Before the scripture is read, a copy of the gospels is carried to the congregation and back to the altar (symbolizing the entrance of the Logos, Christ, into the world), and the priest prays:
O Lord and Master, our God, who in heaven has established the orders and armies of angels and archangels to minister to your majesty, grant that the holy angels may make the entrance with us and with us serve and glorify your goodness. For to you belongs all glory, honor, and worship, Father, Son, and Holy Spirit, now and always and for ever and ever. Amen.

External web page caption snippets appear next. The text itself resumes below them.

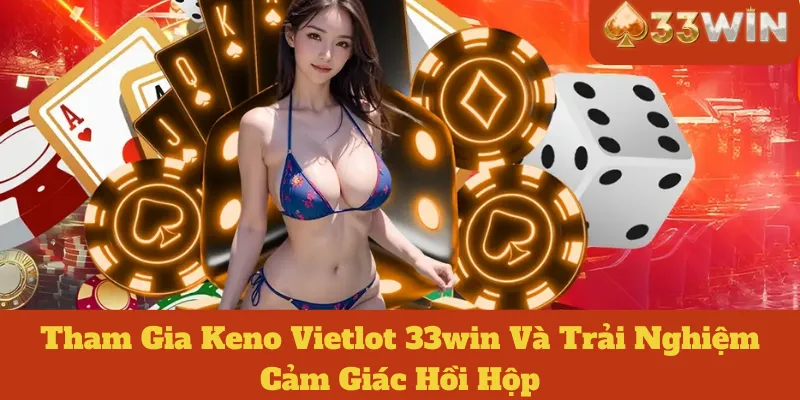 Giải Mã Sức Hút tài xỉu 88go - Thiên Đường Cá Cược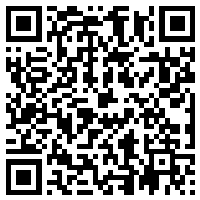 QR Code for bitcoin:bitcoin:bitcoin:bitcoin:bitcoin:dash:XrxTYHUjWb1XU6KdjVfaUtGRiMuoZjQkDZ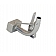 Canton Racing Oil Pump Pickup - 18-381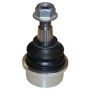SUSPENSIA X22BJ1934 Ball Joint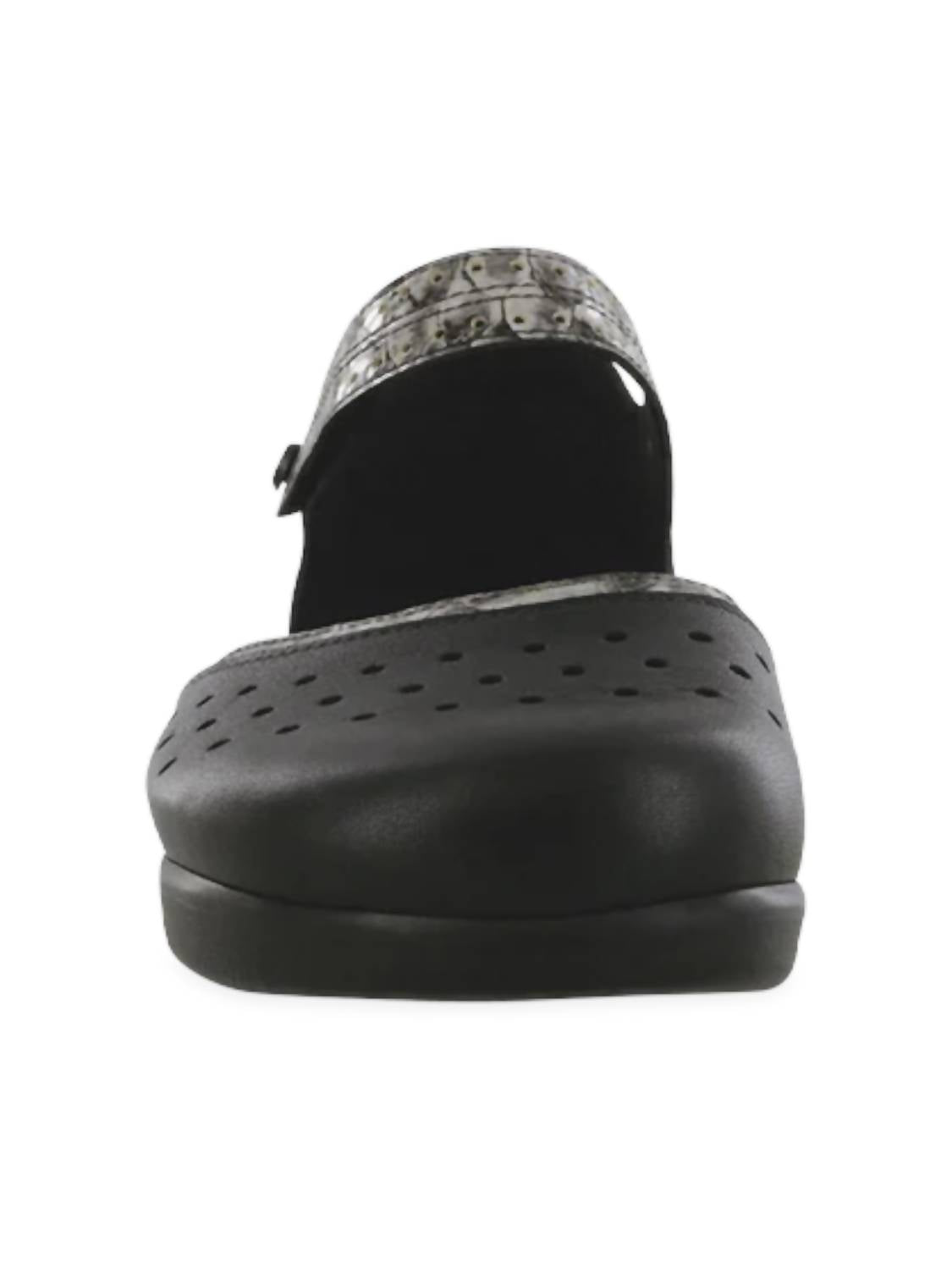 Sas - Women's Eden Mary Jane Shoes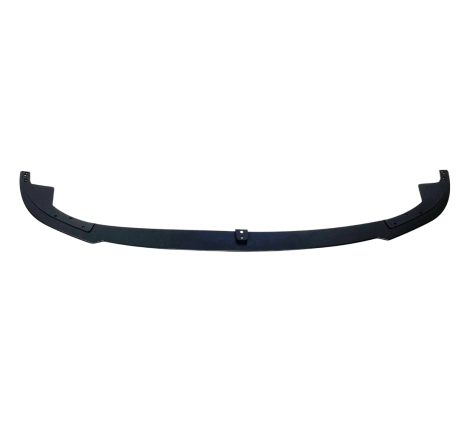 Spoiler Anteriore BMW F30 M4 ABS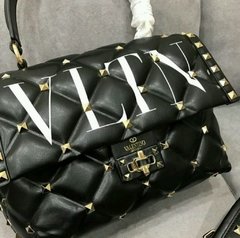 BOLSA CANDYTUD BLACK - LINHA ITALIANA


 na internet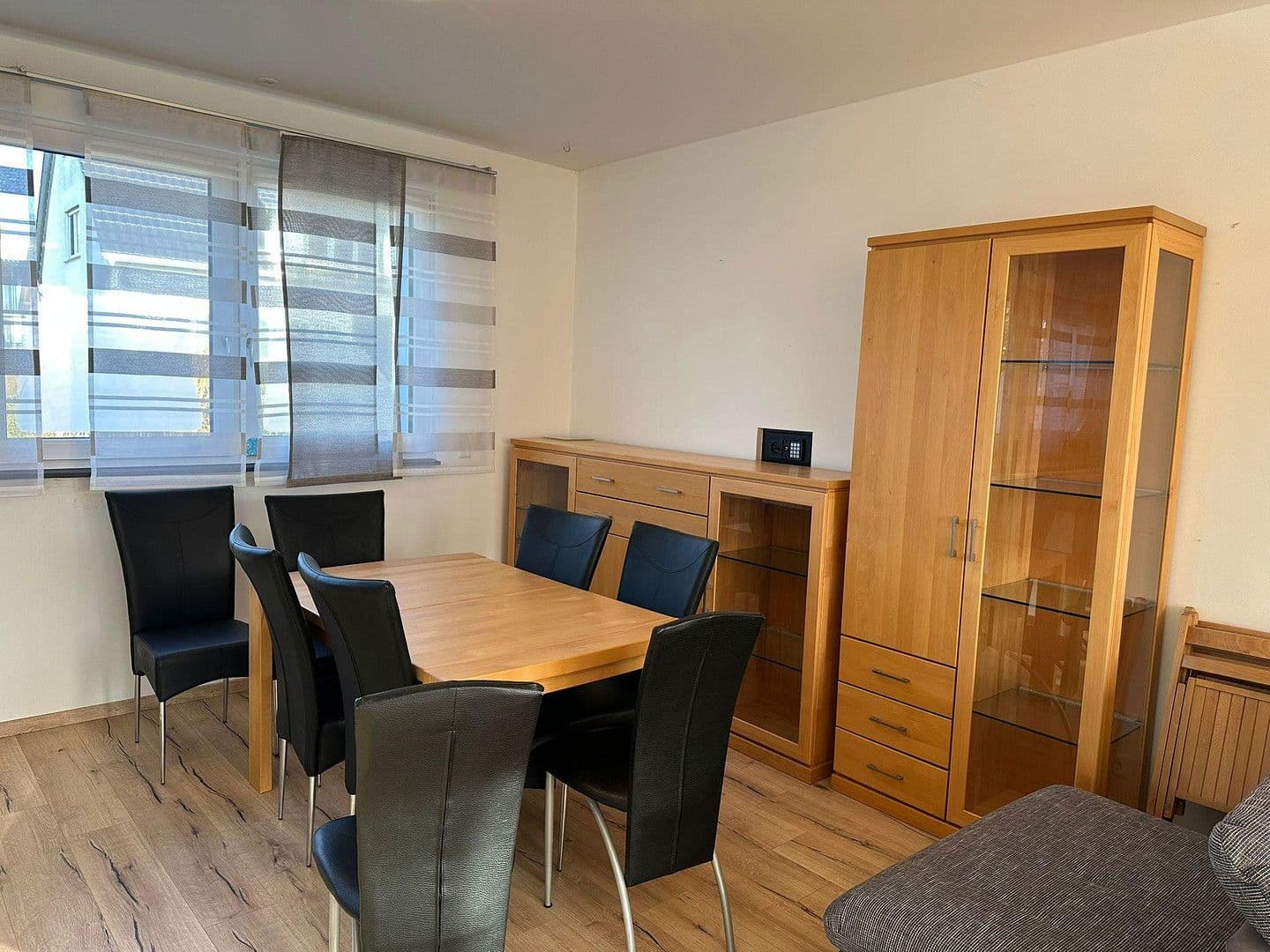 Prodej domu 156 m², pozemek 484 m², Brühlstraße 32, Ulm, Bádensko-Württembersko Prodej domu 156 m², pozemek 484 m², Brühlstraße 32, Ulm, Bádensko-Württembersko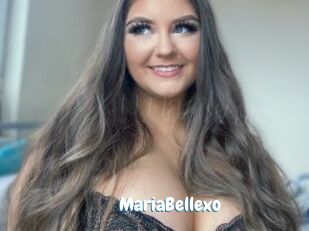 MariaBellexo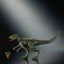 Jurassic World Hammond Collection Action Figure Hypsilophodon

As the liturgy moves to Holy Communion, the priest prays:
It is fitting and right to sing of you, to praise you, to thank you, to adore you in all places of your dominion. For you are the ineffable God, inconceivable, invisible, incomprehensible, existing forever and yet ever the same, you and your only-begotten Son and your Holy Spirit. You brought us into being out of nothingness, and when we had fallen, you raised us up again. You have not ceased doing everything to lead us to heaven and to bestow upon us your future kingdom. For all this do we thank you and your only-begotten Son and your Holy Spirit—for all the benefits of which we know and those of which we are ignorant, for those that are manifest to us and those that lie concealed.
We thank you also for this sacrifice, which you are pleased to receive from our hands, even though there stand before you thousands of archangels and myriads of angels, Cherubim and Seraphim, six-winged and many-eyed, borne aloft on their wings who sing, proclaim, cry out, and chant the triumphal hymn:
Holy, holy, holy, Lord of Hosts! Heaven and earth are filled with your glory. Hosanna in the highest! Blessed is he who comes in the name of the Lord. Hosanna in the highest!